WHAT YOU NEED TO DO: Return the run of lines below that opens with the line containing "Hi friends, thank" and closes with the line containing "Hey friends, welcome", keeping each one exact.
THE RECORDS Start Marker
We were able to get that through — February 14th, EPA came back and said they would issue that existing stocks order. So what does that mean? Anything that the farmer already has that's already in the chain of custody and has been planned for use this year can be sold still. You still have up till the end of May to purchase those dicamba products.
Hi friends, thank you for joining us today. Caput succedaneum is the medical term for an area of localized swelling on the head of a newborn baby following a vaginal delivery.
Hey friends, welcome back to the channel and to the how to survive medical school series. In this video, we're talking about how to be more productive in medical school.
THE RECORDS End Marker
THE RECORDS Start Marker
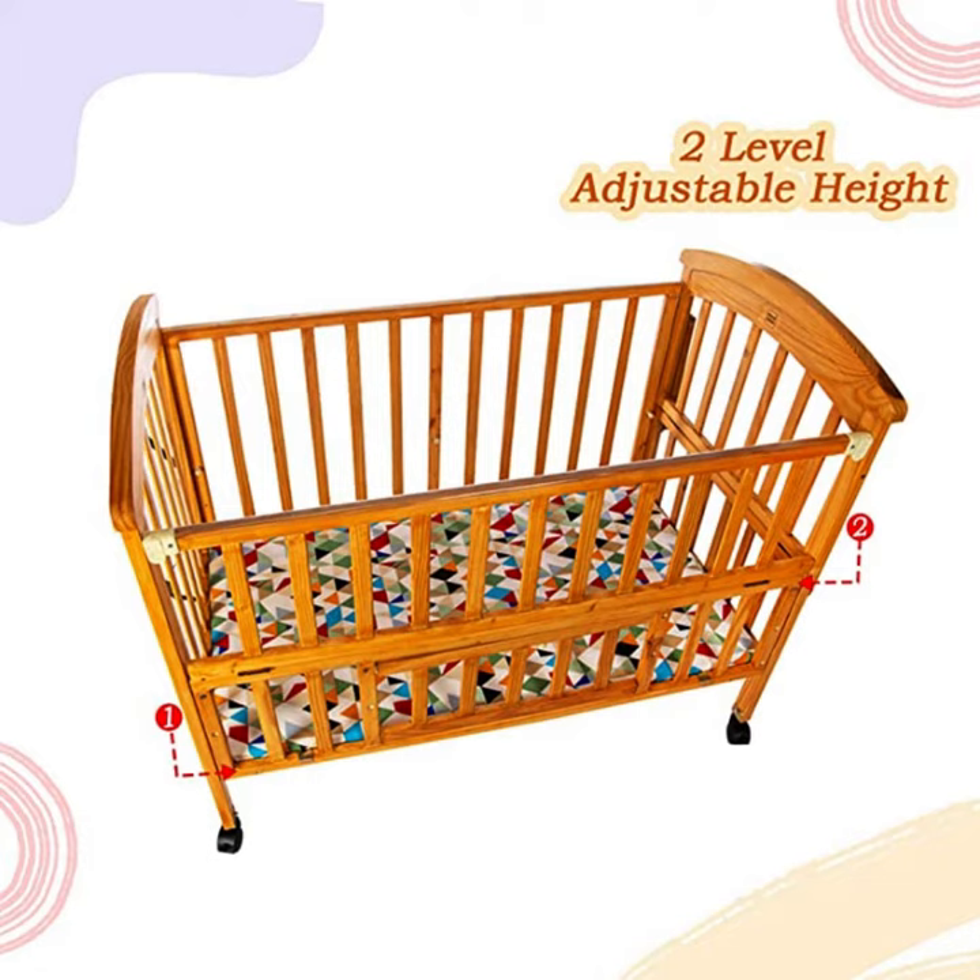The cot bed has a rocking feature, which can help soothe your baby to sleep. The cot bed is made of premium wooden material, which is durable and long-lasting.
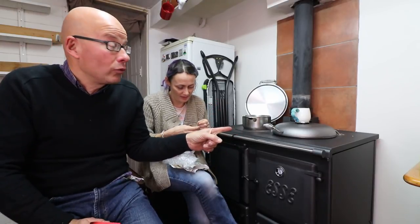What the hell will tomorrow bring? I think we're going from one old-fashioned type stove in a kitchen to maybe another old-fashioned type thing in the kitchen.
THE RECORDS End Marker
ANSWER TO THIS EXERCISE:
Hi friends, thank you for joining us today. Caput succedaneum is the medical term for an area of localized swelling on the head of a newborn baby following a vaginal delivery.
Hey friends, welcome back to the channel and to the how to survive medical school series. In this video, we're talking about how to be more productive in medical school.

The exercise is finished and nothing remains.